_EXERCISE DETAILS_.
Out of the material that follows, write out exactly the lines from the line with "Seersucker Everyday Dress" to the line with "παντελόνι υφασμάτινο ale", both ends included, and no others.

Top of RECORDS SHOWN

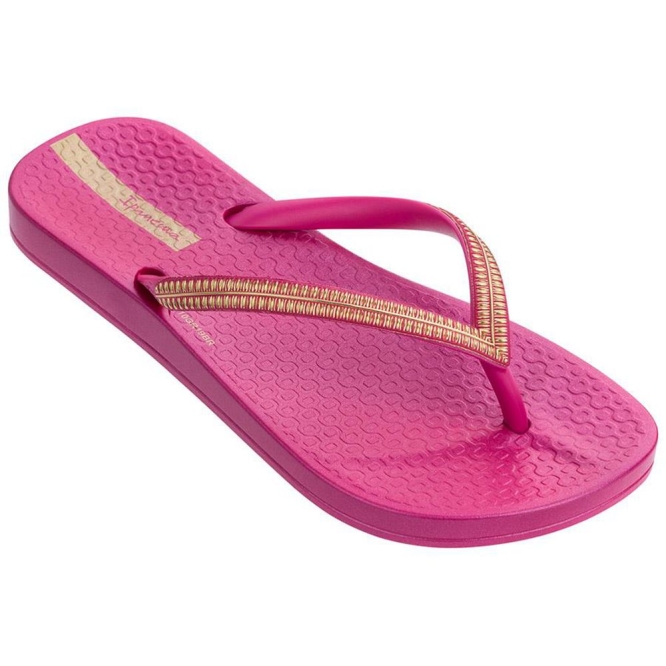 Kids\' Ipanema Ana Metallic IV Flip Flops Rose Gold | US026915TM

Bottom of RECORDS SHOWN
Top of RECORDS SHOWN

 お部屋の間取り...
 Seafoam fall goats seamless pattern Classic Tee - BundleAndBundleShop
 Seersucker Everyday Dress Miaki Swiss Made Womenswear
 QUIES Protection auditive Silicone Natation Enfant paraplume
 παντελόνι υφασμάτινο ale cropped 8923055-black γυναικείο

Bottom of RECORDS SHOWN

_EXERCISE ANSWER_.
 Seersucker Everyday Dress Miaki Swiss Made Womenswear
 QUIES Protection auditive Silicone Natation Enfant paraplume
 παντελόνι υφασμάτινο ale cropped 8923055-black γυναικείο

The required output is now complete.